======== Supplied data ========
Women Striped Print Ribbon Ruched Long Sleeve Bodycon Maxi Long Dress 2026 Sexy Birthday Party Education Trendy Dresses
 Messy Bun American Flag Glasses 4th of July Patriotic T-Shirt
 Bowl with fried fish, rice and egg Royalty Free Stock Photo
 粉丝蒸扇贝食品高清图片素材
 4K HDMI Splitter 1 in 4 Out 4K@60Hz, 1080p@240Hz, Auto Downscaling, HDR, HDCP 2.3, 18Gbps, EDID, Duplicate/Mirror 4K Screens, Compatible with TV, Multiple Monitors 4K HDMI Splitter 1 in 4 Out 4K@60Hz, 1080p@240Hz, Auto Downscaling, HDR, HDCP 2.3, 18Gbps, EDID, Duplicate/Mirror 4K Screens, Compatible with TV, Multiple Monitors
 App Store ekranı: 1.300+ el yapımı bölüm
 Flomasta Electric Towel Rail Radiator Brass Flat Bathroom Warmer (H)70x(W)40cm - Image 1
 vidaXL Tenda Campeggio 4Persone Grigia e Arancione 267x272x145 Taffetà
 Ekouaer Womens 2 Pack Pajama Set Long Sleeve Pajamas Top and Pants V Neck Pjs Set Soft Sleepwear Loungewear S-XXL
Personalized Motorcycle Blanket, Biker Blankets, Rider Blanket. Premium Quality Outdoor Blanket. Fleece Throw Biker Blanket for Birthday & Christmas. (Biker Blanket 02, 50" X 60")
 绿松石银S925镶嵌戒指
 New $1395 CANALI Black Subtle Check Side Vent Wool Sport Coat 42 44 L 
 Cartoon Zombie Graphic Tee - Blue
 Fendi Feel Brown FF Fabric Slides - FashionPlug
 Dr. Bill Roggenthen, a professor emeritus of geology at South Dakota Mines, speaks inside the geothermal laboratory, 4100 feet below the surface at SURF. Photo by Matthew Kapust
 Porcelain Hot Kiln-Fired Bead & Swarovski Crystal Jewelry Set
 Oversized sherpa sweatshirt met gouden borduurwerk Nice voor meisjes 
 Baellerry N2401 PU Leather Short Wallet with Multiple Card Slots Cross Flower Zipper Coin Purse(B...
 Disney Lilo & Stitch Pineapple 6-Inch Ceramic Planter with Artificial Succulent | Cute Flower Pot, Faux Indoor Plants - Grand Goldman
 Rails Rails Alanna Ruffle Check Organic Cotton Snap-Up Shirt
========
Task instructions: Up to and including the last line of the material, reproduce every line exactly, beginning with the one that contains "App Store ekranı: 1.300+ el yapımı bölüm" and adding nothing else.

Your solution:
 App Store ekranı: 1.300+ el yapımı bölüm
 Flomasta Electric Towel Rail Radiator Brass Flat Bathroom Warmer (H)70x(W)40cm - Image 1
 vidaXL Tenda Campeggio 4Persone Grigia e Arancione 267x272x145 Taffetà
 Ekouaer Womens 2 Pack Pajama Set Long Sleeve Pajamas Top and Pants V Neck Pjs Set Soft Sleepwear Loungewear S-XXL
Personalized Motorcycle Blanket, Biker Blankets, Rider Blanket. Premium Quality Outdoor Blanket. Fleece Throw Biker Blanket for Birthday & Christmas. (Biker Blanket 02, 50" X 60")
 绿松石银S925镶嵌戒指
 New $1395 CANALI Black Subtle Check Side Vent Wool Sport Coat 42 44 L 
 Cartoon Zombie Graphic Tee - Blue
 Fendi Feel Brown FF Fabric Slides - FashionPlug
 Dr. Bill Roggenthen, a professor emeritus of geology at South Dakota Mines, speaks inside the geothermal laboratory, 4100 feet below the surface at SURF. Photo by Matthew Kapust
 Porcelain Hot Kiln-Fired Bead & Swarovski Crystal Jewelry Set
 Oversized sherpa sweatshirt met gouden borduurwerk Nice voor meisjes 
 Baellerry N2401 PU Leather Short Wallet with Multiple Card Slots Cross Flower Zipper Coin Purse(B...
 Disney Lilo & Stitch Pineapple 6-Inch Ceramic Planter with Artificial Succulent | Cute Flower Pot, Faux Indoor Plants - Grand Goldman
 Rails Rails Alanna Ruffle Check Organic Cotton Snap-Up Shirt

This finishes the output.